We research techniques for improving safety of pedestrians, traffic flow, and smart streetscape applications. We aim to accomplish precise localization and tracking of objects by utilizing infrastructure-installed multimodal sensors such as cameras and lidars to provide a global view of the behavior of smart city traffic participants. We rely significantly on traffic intersections which are particularly suitable locations for the deployment of computing, communications, and AI-based services for smart cities of the future.
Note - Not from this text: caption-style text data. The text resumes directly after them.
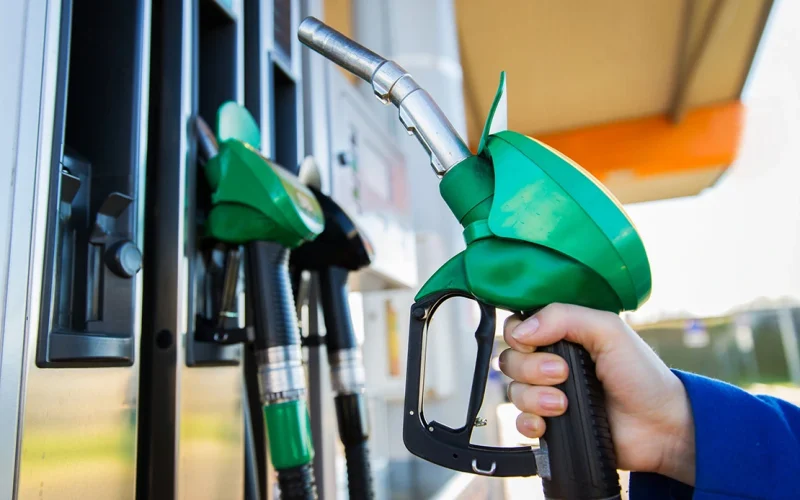 benzina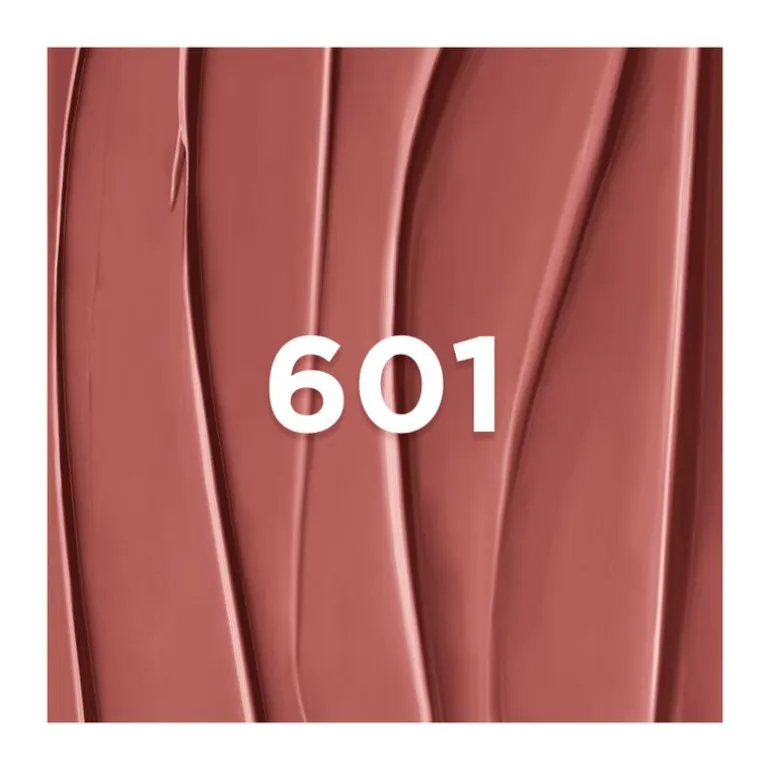 L'Oréal Paris Color Riche Satin 601 Nudes of Worth Lippenstift 4,5 GR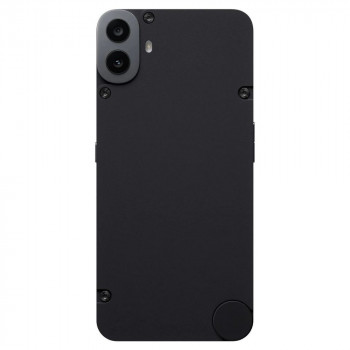 Full Body Housing For Nothing CMF Phone 1 - Black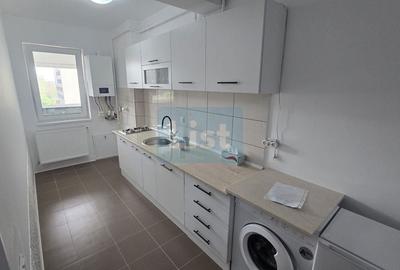 Garsonieră decomandată, mobilată în Dâmbul Rotund - 4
The abundance of data to be collected and processed, in combination with privacy and security concerns, motivates the use of machine learning and deep learning processing, and to deploy the edge-computing paradigm which aligns well with physical intersections in metropolises.

The research covers the following topics: (i) system design considerations when using smart city intersections as intelligence nodes; (ii) data preprocessing to take advantage of fixed scenery and repeatable dynamics; (iii) designing machine learning/deep learning methods for robust inference for object detection and trackig; (iv) examining latencies for sensors, high-bandwitdh communications links, and AI-based processing; (v) exploring methods to approach real time interaction in the chain from sensors to data consumers; (vi) studying the partitioning of the computation across extreme edge, edge and cloud servers; (vii) investigating cooperative sensing which combines in-vehicle and infrastructure sensors; (viii) federated inference; (ix) digital twins.

The research relies on the experimental studies performed on the COSMOS testbed located in New York City.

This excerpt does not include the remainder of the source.